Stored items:
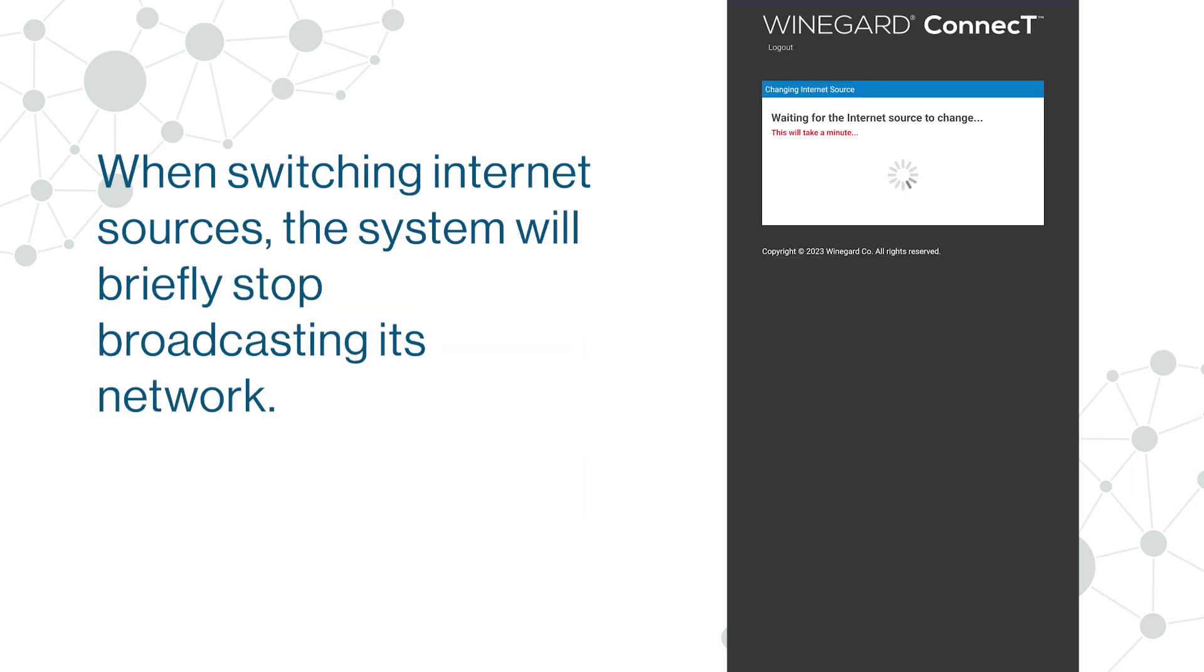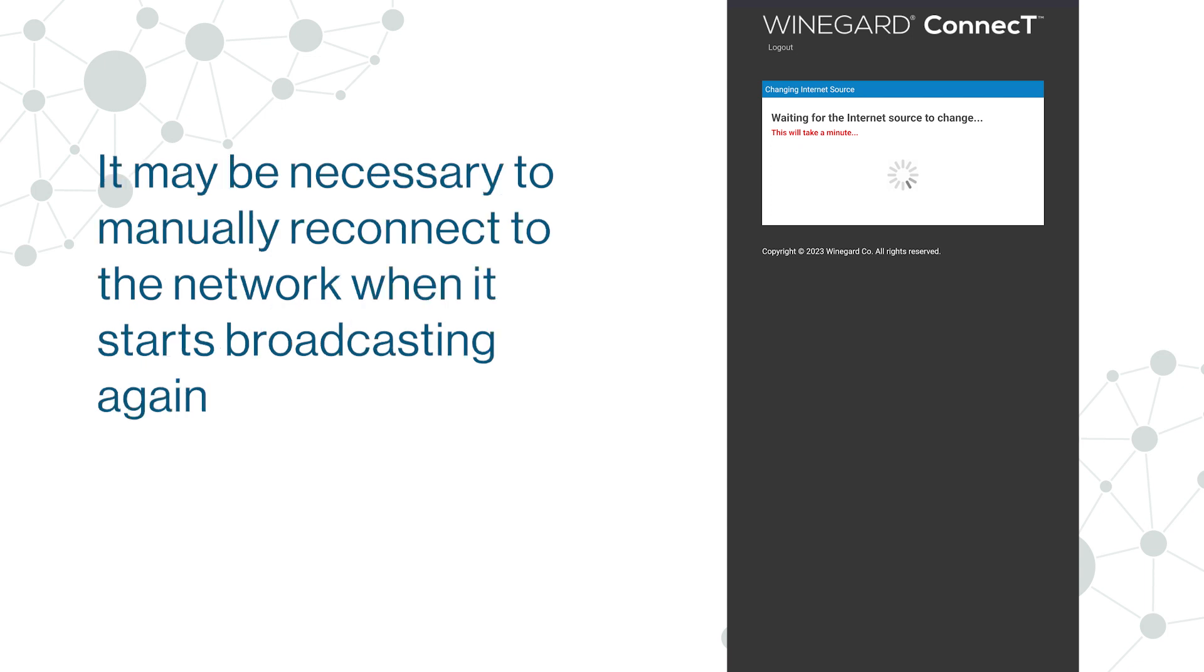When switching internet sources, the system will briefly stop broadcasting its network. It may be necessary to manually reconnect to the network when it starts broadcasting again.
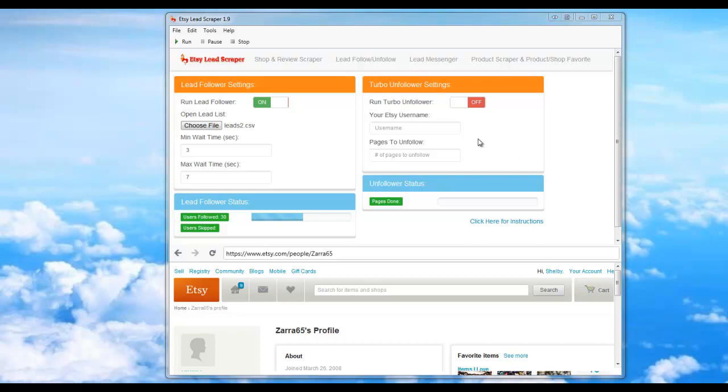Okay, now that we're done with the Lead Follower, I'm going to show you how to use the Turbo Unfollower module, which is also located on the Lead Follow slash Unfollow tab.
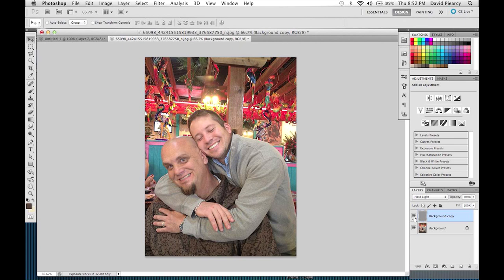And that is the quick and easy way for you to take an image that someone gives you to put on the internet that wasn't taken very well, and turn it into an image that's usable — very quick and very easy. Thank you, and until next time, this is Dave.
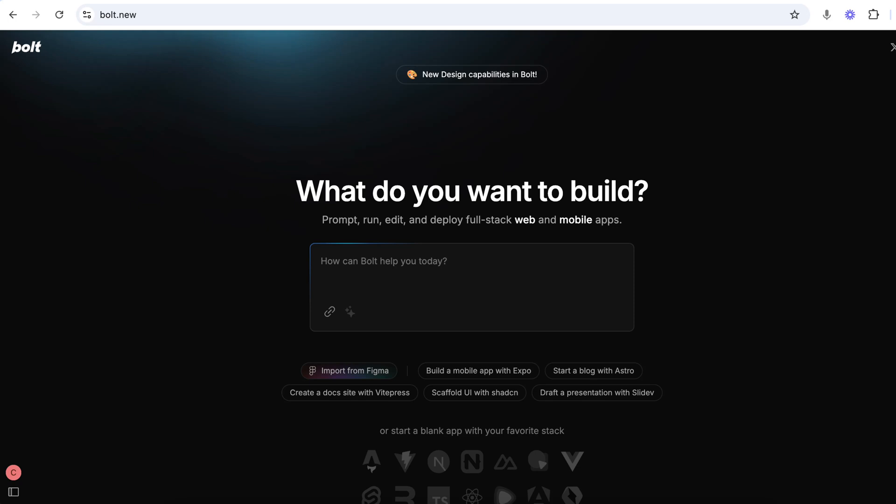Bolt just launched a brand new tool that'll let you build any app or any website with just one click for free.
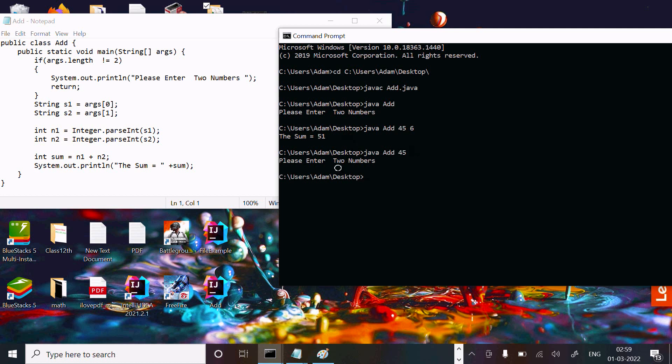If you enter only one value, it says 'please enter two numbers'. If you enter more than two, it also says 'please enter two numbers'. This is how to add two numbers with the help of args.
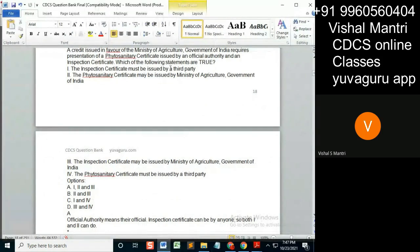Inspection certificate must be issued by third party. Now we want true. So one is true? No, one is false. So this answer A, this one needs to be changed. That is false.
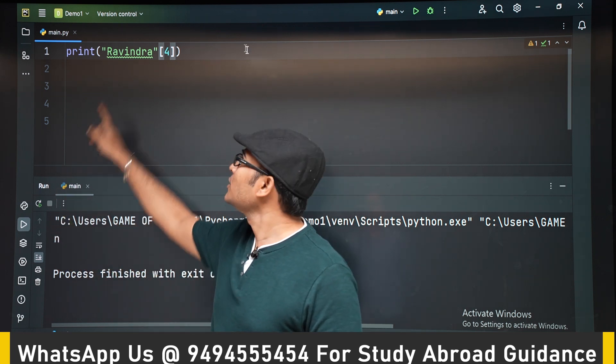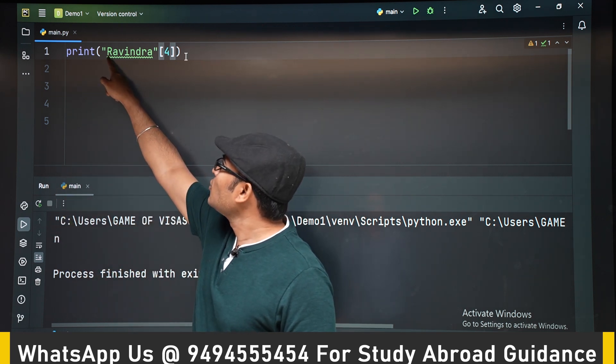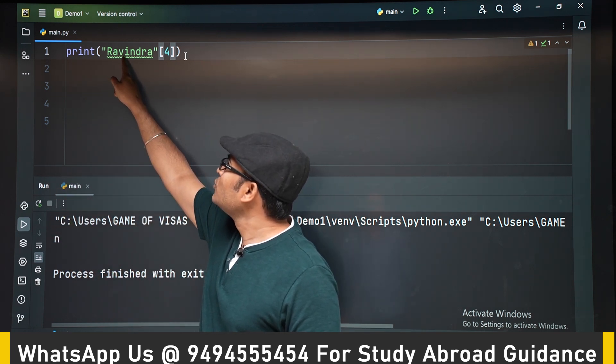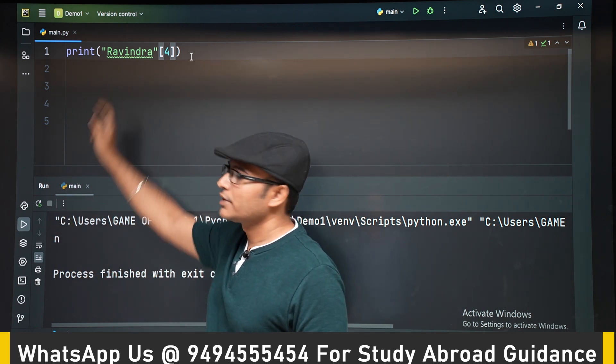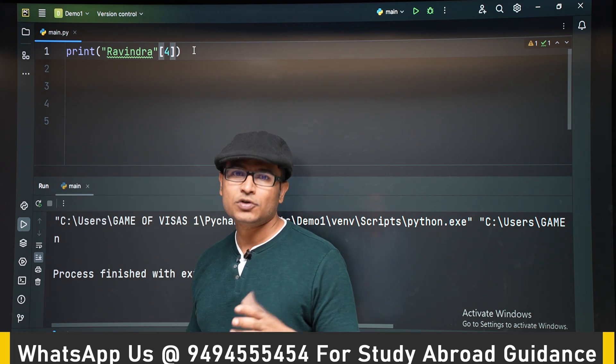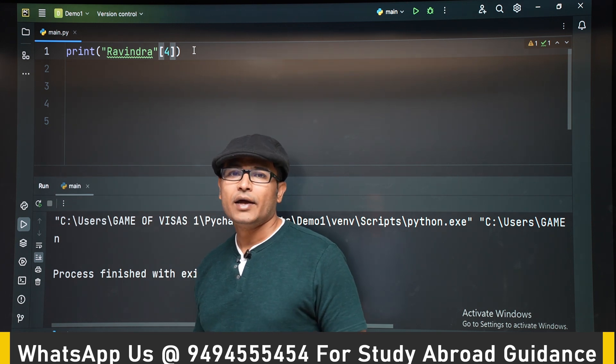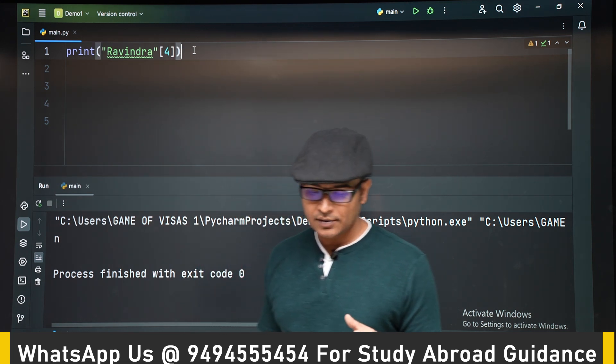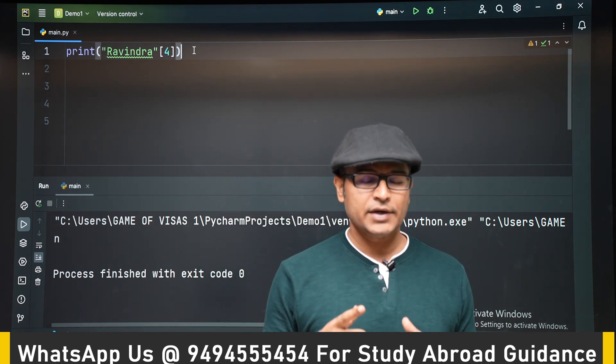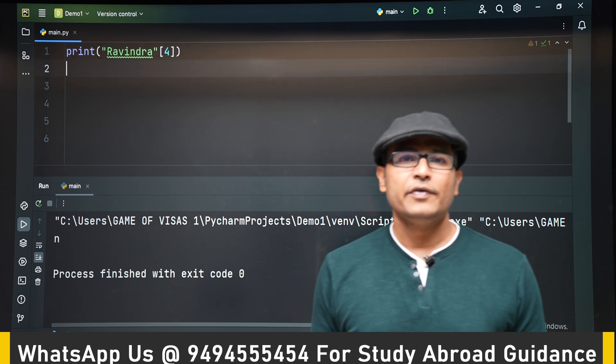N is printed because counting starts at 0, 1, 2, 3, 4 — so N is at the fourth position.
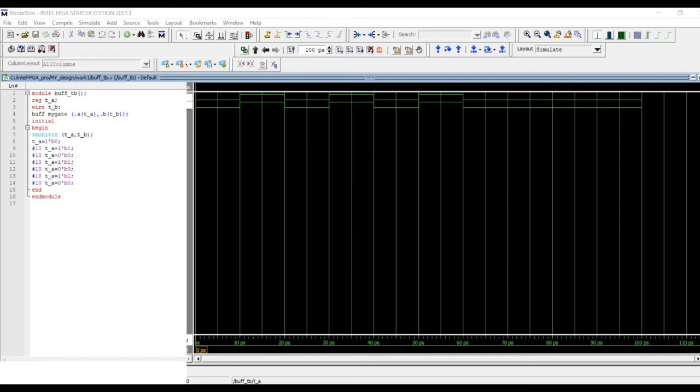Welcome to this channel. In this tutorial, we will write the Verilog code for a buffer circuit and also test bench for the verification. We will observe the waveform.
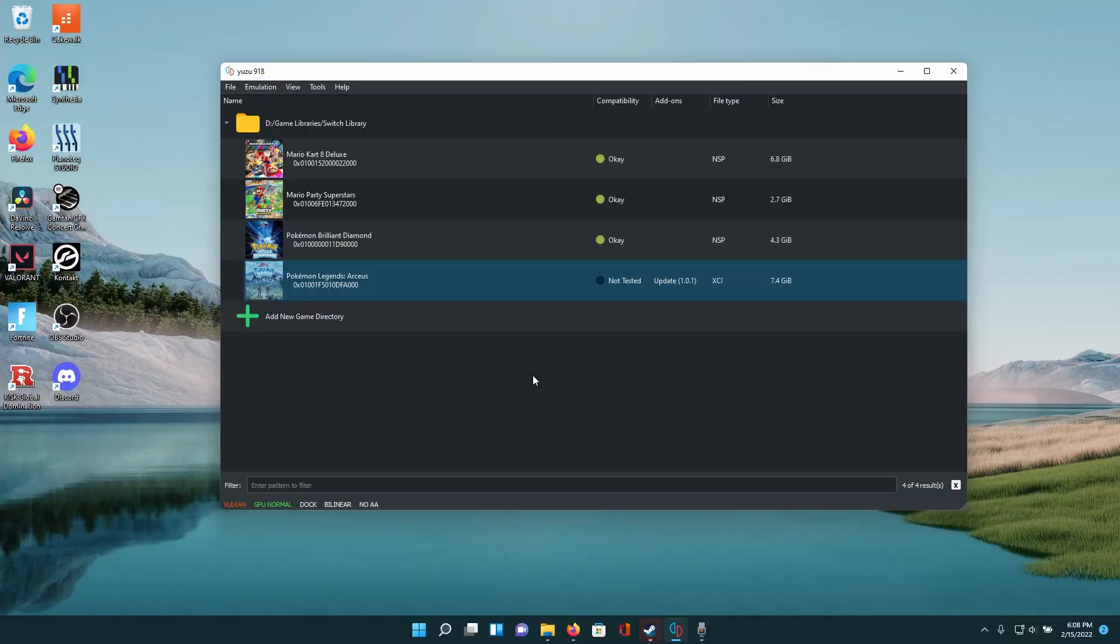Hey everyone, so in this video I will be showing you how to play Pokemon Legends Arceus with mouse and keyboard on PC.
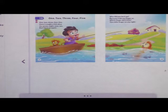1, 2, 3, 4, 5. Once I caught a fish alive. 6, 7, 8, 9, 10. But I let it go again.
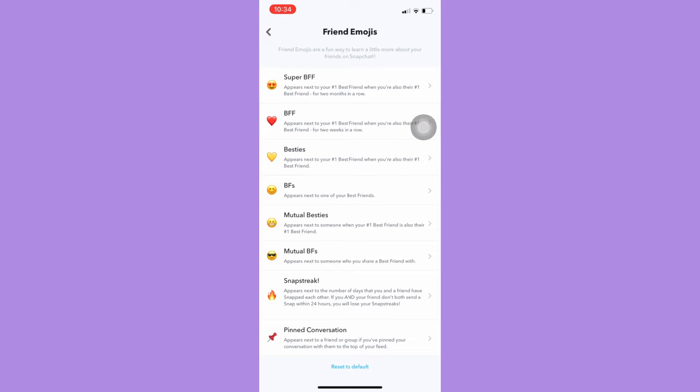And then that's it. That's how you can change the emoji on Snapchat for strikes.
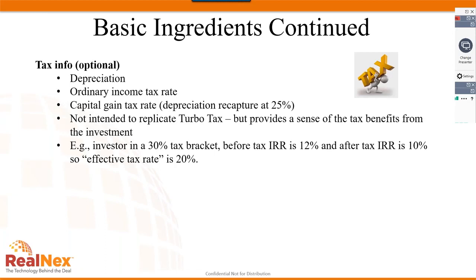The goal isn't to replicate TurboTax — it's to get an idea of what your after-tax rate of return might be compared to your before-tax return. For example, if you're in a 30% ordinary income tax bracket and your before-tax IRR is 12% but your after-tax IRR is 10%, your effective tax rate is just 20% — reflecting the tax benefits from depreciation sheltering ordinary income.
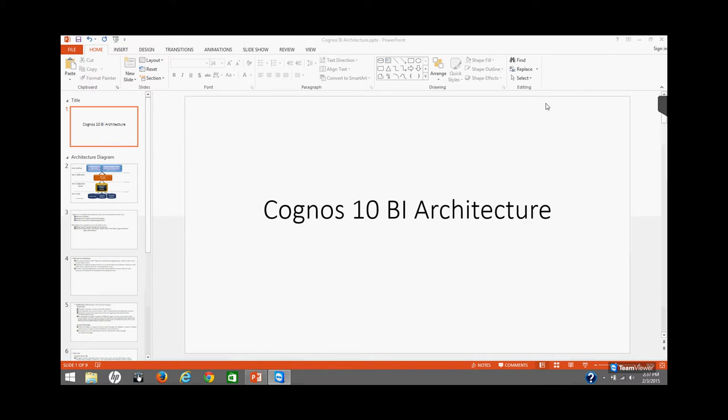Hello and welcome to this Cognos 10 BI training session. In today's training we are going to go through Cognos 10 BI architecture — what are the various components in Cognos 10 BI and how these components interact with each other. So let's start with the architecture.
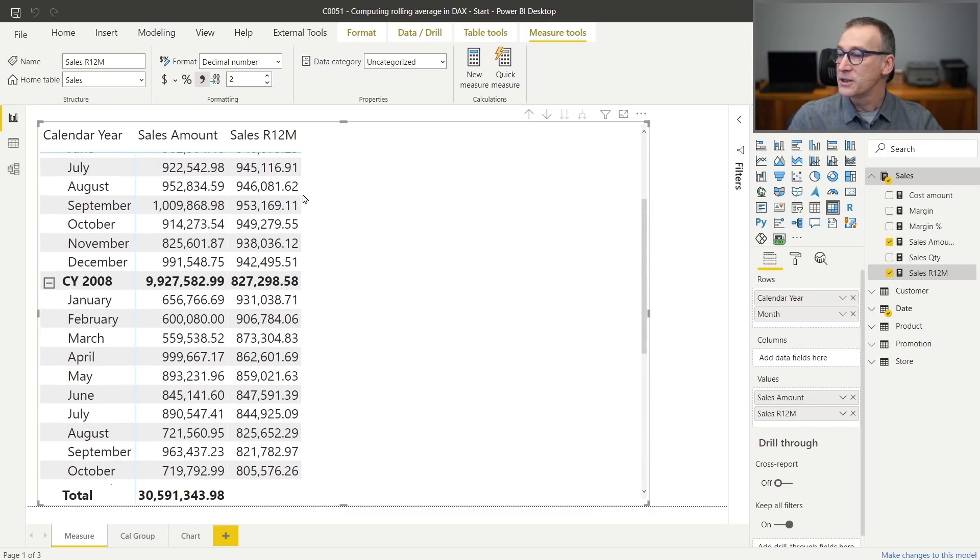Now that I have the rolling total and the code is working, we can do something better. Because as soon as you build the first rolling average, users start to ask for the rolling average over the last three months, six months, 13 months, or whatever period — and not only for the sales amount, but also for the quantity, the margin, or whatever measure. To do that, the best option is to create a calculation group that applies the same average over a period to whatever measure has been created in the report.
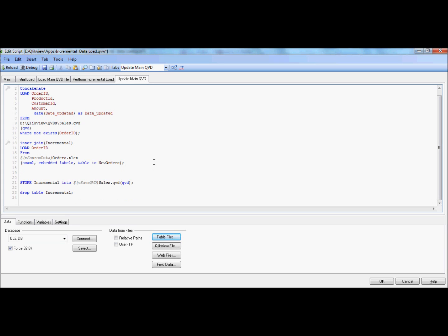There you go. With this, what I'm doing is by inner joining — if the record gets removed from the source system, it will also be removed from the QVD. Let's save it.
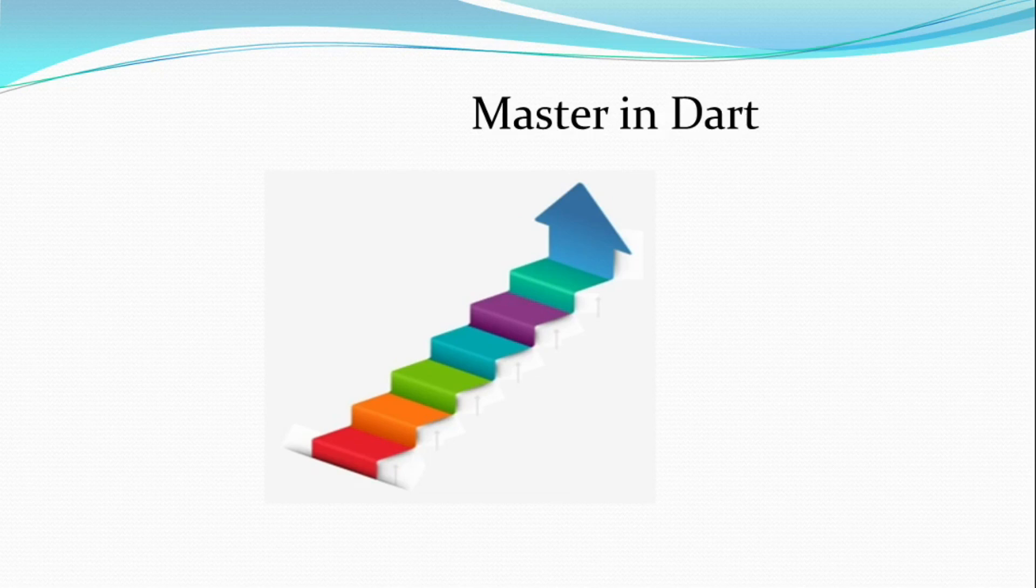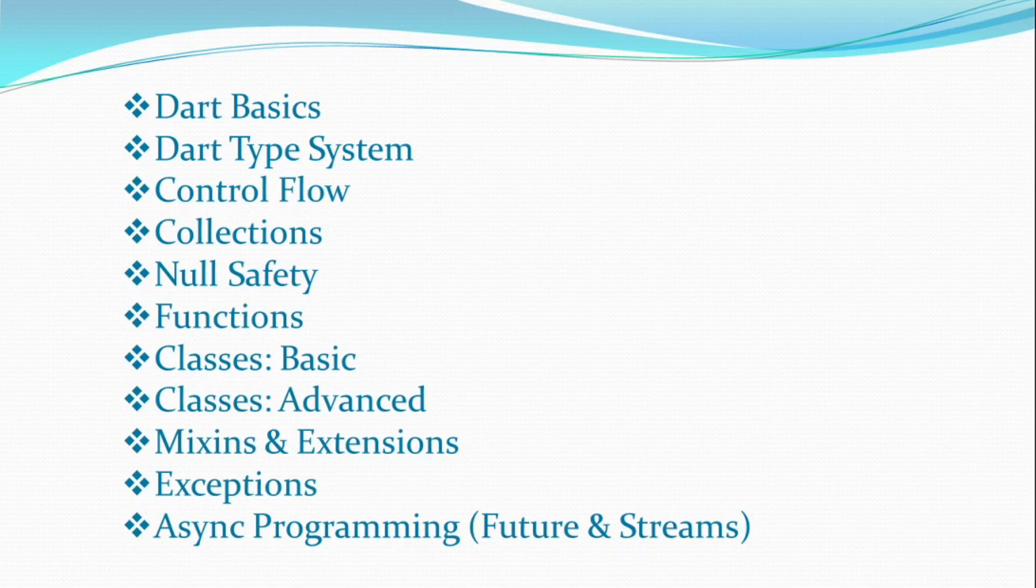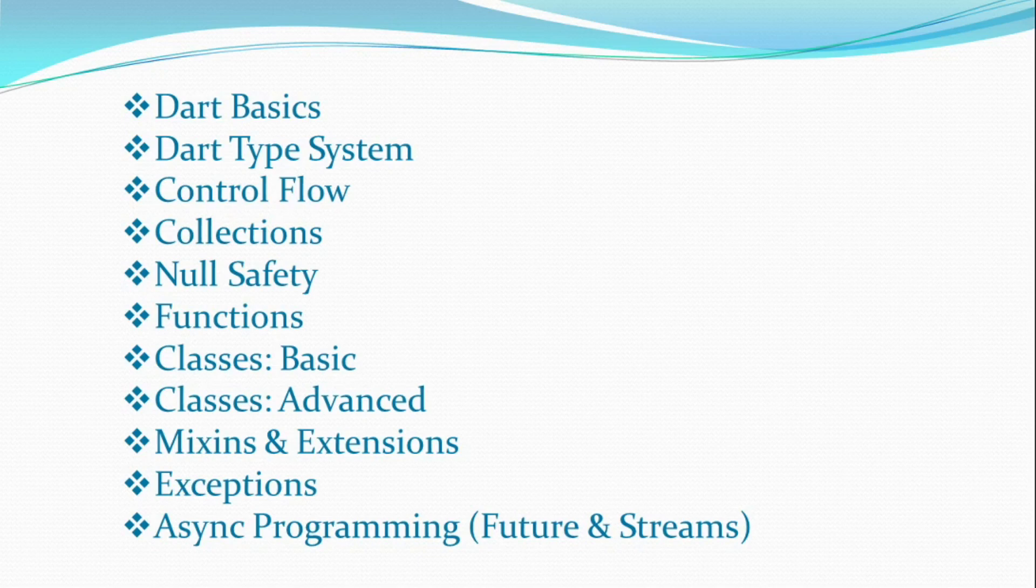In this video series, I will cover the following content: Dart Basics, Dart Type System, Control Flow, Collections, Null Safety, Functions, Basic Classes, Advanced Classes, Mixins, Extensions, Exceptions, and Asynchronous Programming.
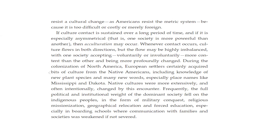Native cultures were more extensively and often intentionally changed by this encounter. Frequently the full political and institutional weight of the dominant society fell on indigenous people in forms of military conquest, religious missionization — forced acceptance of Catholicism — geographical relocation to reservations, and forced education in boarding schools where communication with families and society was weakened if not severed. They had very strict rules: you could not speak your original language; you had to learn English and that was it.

What this task involves: The answer should consist of every line above, exact and free of images.

Your solution:
When switching internet sources, the system will briefly stop broadcasting its network. It may be necessary to manually reconnect to the network when it starts broadcasting again.
Okay, now that we're done with the Lead Follower, I'm going to show you how to use the Turbo Unfollower module, which is also located on the Lead Follow slash Unfollow tab.
And that is the quick and easy way for you to take an image that someone gives you to put on the internet that wasn't taken very well, and turn it into an image that's usable — very quick and very easy. Thank you, and until next time, this is Dave.
Bolt just launched a brand new tool that'll let you build any app or any website with just one click for free.
If you enter only one value, it says 'please enter two numbers'. If you enter more than two, it also says 'please enter two numbers'. This is how to add two numbers with the help of args.
Inspection certificate must be issued by third party. Now we want true. So one is true? No, one is false. So this answer A, this one needs to be changed. That is false.
N is printed because counting starts at 0, 1, 2, 3, 4 — so N is at the fourth position.
Welcome to this channel. In this tutorial, we will write the Verilog code for a buffer circuit and also test bench for the verification. We will observe the waveform.
Hey everyone, so in this video I will be showing you how to play Pokemon Legends Arceus with mouse and keyboard on PC.
1, 2, 3, 4, 5. Once I caught a fish alive. 6, 7, 8, 9, 10. But I let it go again.
And then that's it. That's how you can change the emoji on Snapchat for strikes.
The goal isn't to replicate TurboTax — it's to get an idea of what your after-tax rate of return might be compared to your before-tax return. For example, if you're in a 30% ordinary income tax bracket and your before-tax IRR is 12% but your after-tax IRR is 10%, your effective tax rate is just 20% — reflecting the tax benefits from depreciation sheltering ordinary income.
Hello and welcome to this Cognos 10 BI training session. In today's training we are going to go through Cognos 10 BI architecture — what are the various components in Cognos 10 BI and how these components interact with each other. So let's start with the architecture.
Now that I have the rolling total and the code is working, we can do something better. Because as soon as you build the first rolling average, users start to ask for the rolling average over the last three months, six months, 13 months, or whatever period — and not only for the sales amount, but also for the quantity, the margin, or whatever measure. To do that, the best option is to create a calculation group that applies the same average over a period to whatever measure has been created in the report.
There you go. With this, what I'm doing is by inner joining — if the record gets removed from the source system, it will also be removed from the QVD. Let's save it.
In this video series, I will cover the following content: Dart Basics, Dart Type System, Control Flow, Collections, Null Safety, Functions, Basic Classes, Advanced Classes, Mixins, Extensions, Exceptions, and Asynchronous Programming.
Native cultures were more extensively and often intentionally changed by this encounter. Frequently the full political and institutional weight of the dominant society fell on indigenous people in forms of military conquest, religious missionization — forced acceptance of Catholicism — geographical relocation to reservations, and forced education in boarding schools where communication with families and society was weakened if not severed. They had very strict rules: you could not speak your original language; you had to learn English and that was it.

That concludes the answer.